Treatment of MDA-MB-231 xenografted nude mice with mAb04-MICA was more effective than that with mAb04 in inhibiting tumor growth, achieving 36.28% and 77.43% tumor growth inhibition at doses of 1 and 5 mg/kg compared to 15.13% and 55.71% for mAb04, respectively. In addition, high dose treatment of mAb04-MICA was superior to the combination therapy groups (60.73%, mAb04 + Docetaxel, 66.99%, Avastin + Docetaxel) (Figure 9A to 9D). Consistent inhibition was observed in MDA-MB-435 xenografts (Supplementary Figure S4A to S4D).

mAb04-MICA demonstrated in vivo efficacy against a MDA-MB-231 xenograft.

Figure 9: mAb04-MICA demonstrated in vivo efficacy against a MDA-MB-231 xenograft. A, B. Tumor growth curves for nude mice. Each BALB/c nude mouse was subcutaneously injected 1×107 MDA-MB-231 cells for different treatment. Treatment began following tumor development, and the measurement of tumor volume started as well. C, D. Tumor inhibition rates of different dosage groups. mAb04-MICA significantly improved tumor inhibition rate compared to mAb04/Docetaxel. Data were presented as the mean ± SD, *p < 0.05, **p < 0.01. E, F. Survival curves for nude mice bearing tumor. mAb04-MICA had noteworthy survival benefit compared to mAb04 + Docetaxel or Avastin + Docetaxel.

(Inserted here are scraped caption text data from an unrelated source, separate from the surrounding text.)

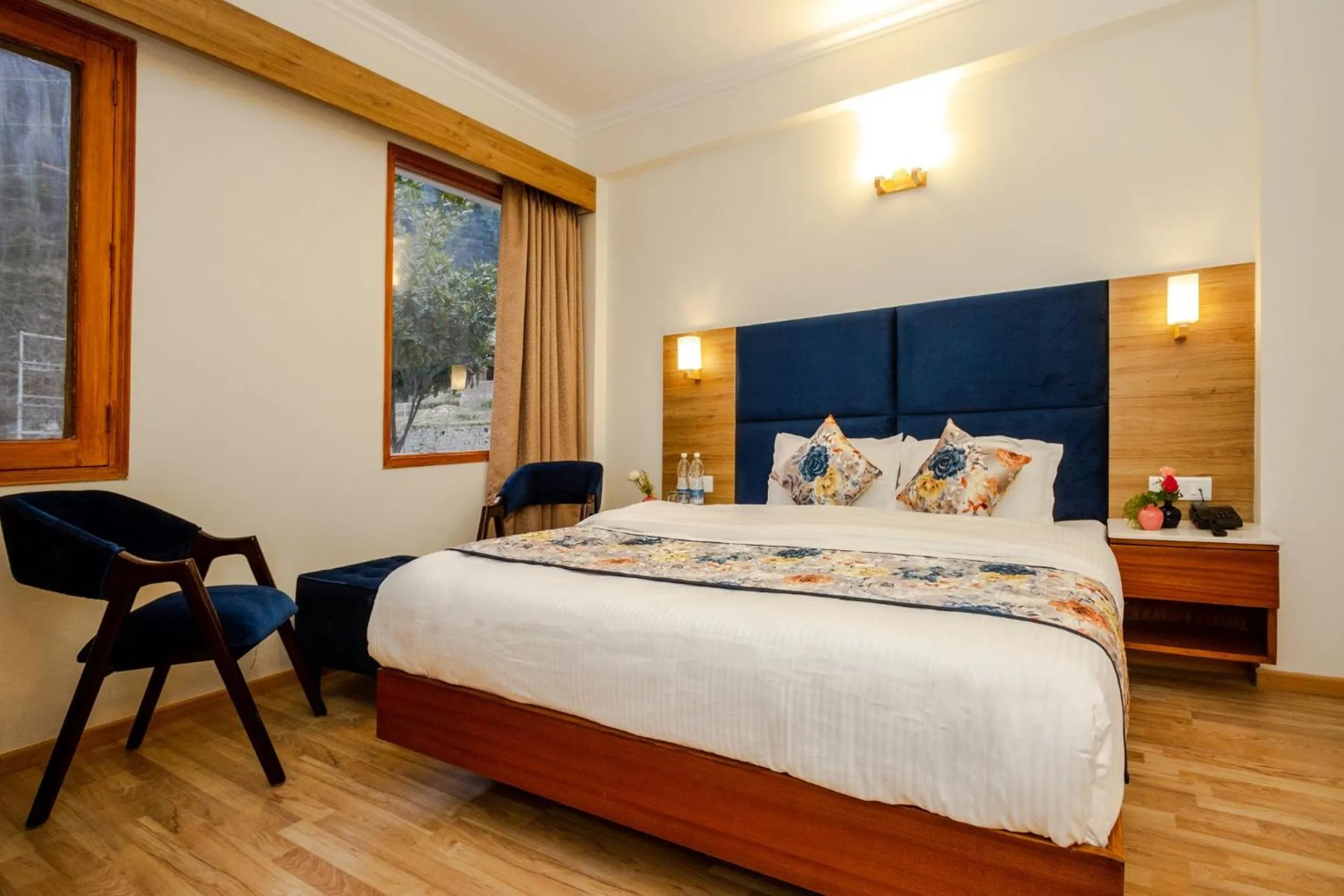 Bed in Anand Vardhan Resorts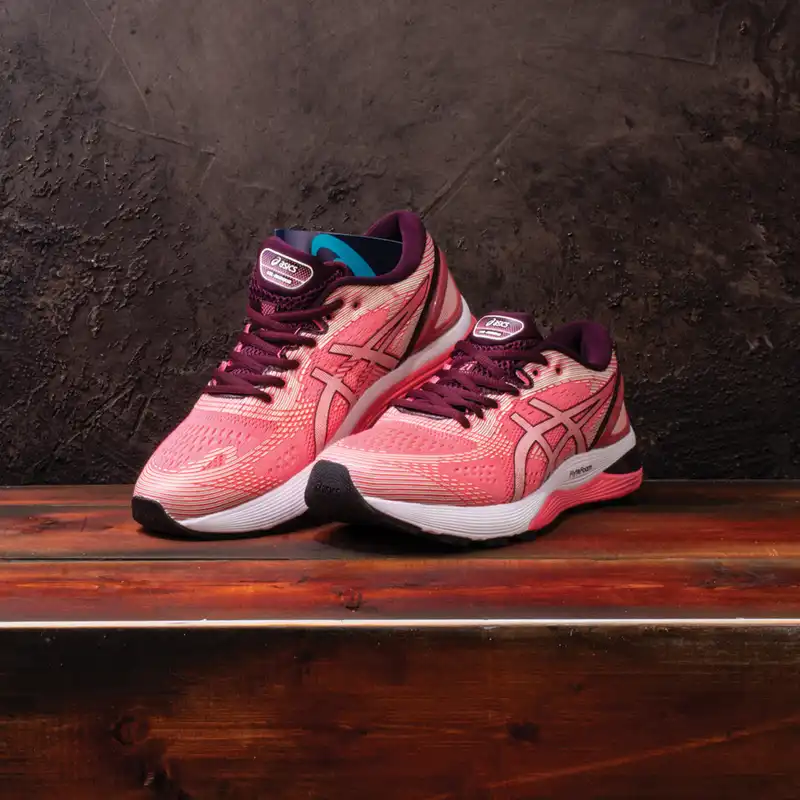 کفش مخصوص دویدن مدل GEL-NIMBUS 21 PINQ-11300305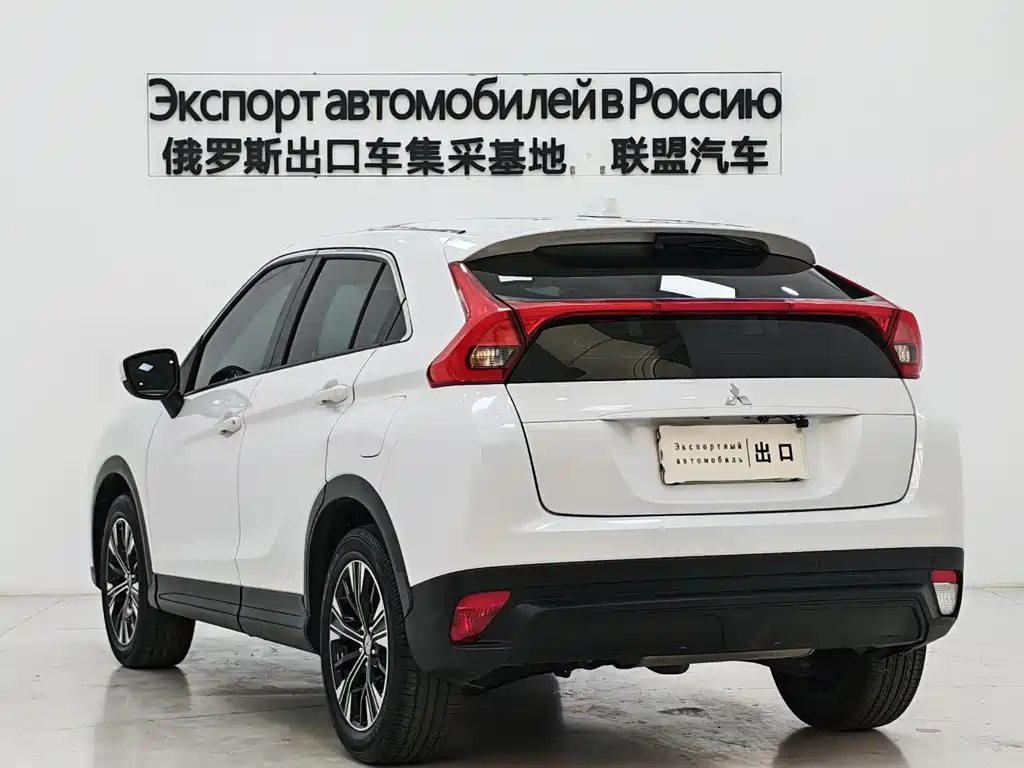 Eclipse Cross 奕歌 2022款 1.5 T CVT两驱无畏版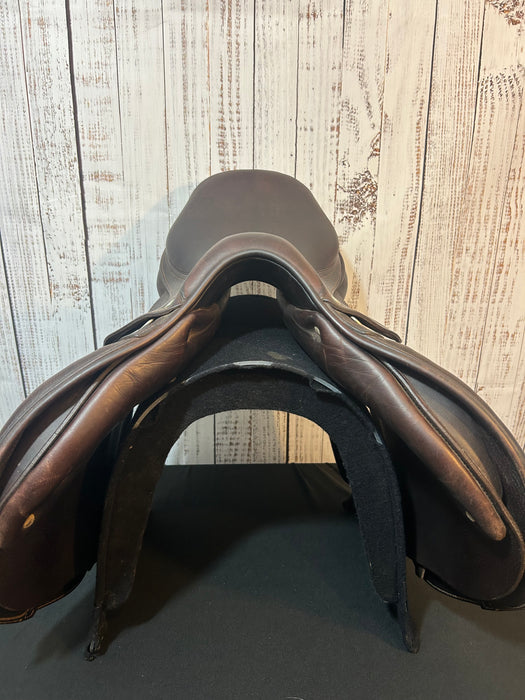 Used Antares Confort Jump Saddle 17"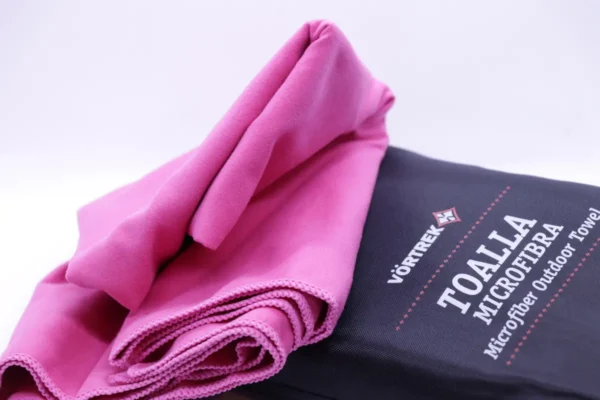 Toalla Vortrek Microfibra secado rápido 50 X 100 cm fucsia - Imagen 3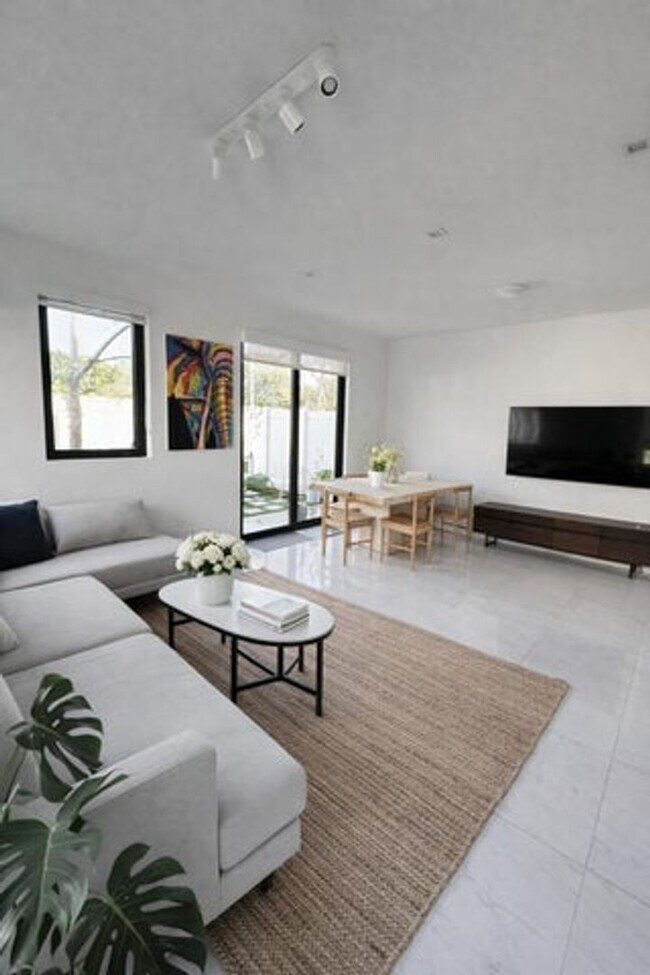 Foto del edificio - 4189 N Oak Pl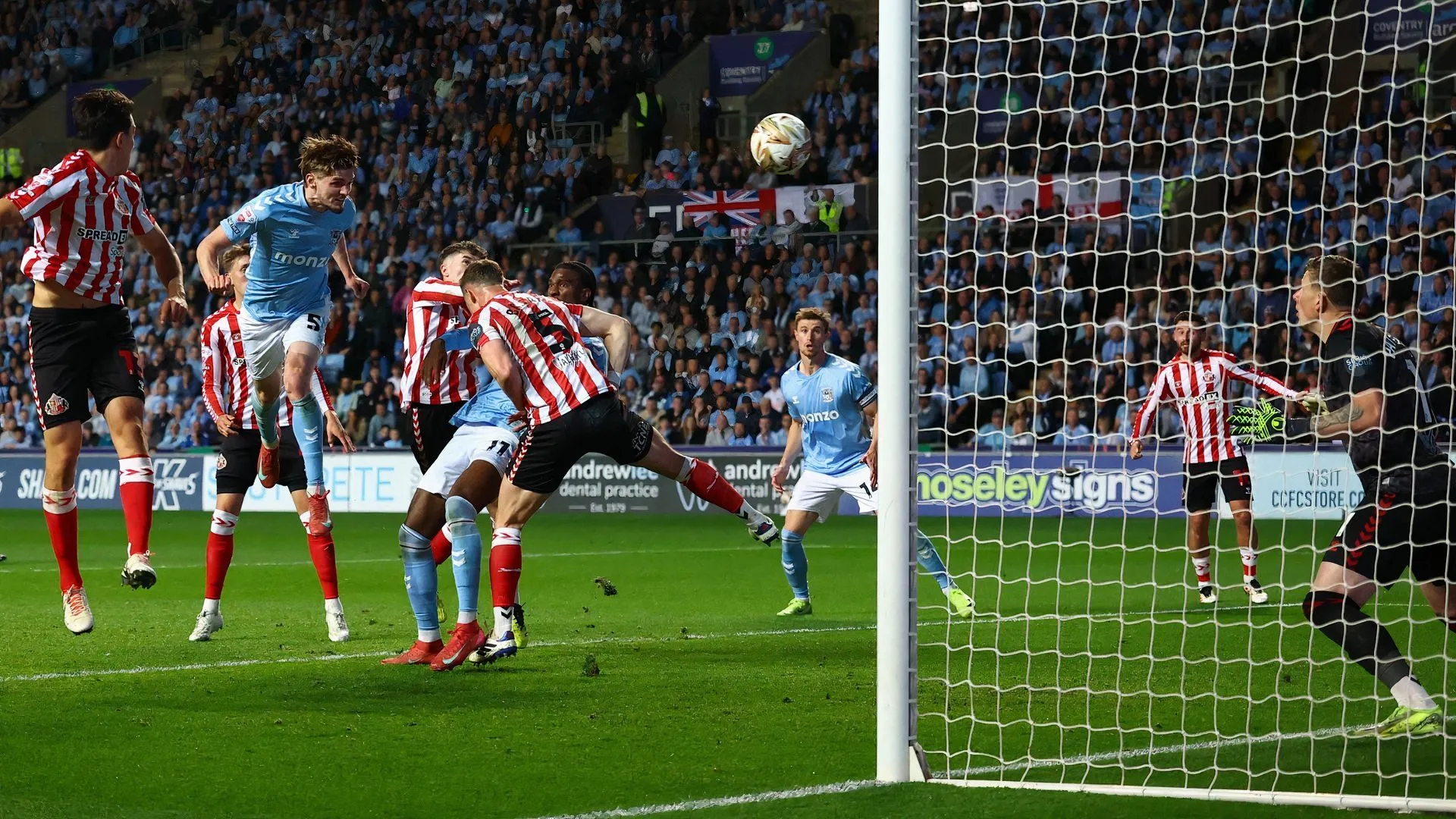 Jack Rudoni ghi bàn cho Coventry City vào lưới Sunderland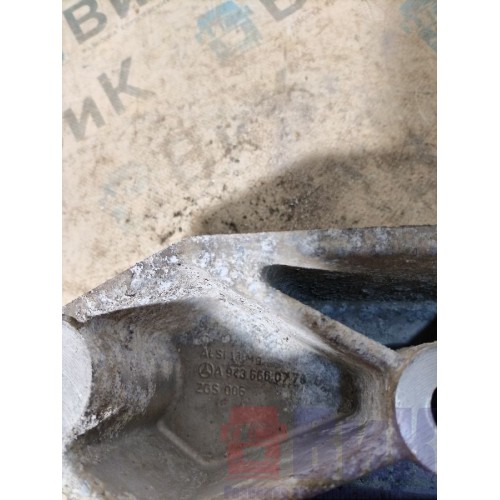 Кронштейн подножки Mercedes Actros MP3 617874 алюм. RH (857), 9436660778-2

Treatment with mAb04-MICA also prolonged survival. All mice bearing MDA-MB-231 xenograft treated with PBS succumbed to tumor at day 39 (Figure 9E). In this setting, mAb04-MICA at a dose of 5 mg/kg increased median survival by 44 days, comparably mAb04 25 days (Figure 9F), mAb04 + Docetaxel 31 days and Avastin + Docetaxel 34 days, respectively. In terms of MDA-MB-435 tumor-bearing mice, treatment with mAb04-MICA significantly prolonged the survival compared to the control group (Supplementary Figure S4E and S4F).

mAb04-MICA inhibited markers of proliferation and angiogenesis in tumor xenograft

IHC demonstrated that there was a significant decrease in the numbers and intensity of cell proliferation marker Ki-67 in mAb04-MICA treated tumors compared to untreated groups, with a slight decrease compared to mAb04 + Docetaxel or Avastin + Docetaxel treated group (Figure 10A).

mAb04-MICA reduced markers of proliferation and angiogenesis in MDA-MD-231 xenograft.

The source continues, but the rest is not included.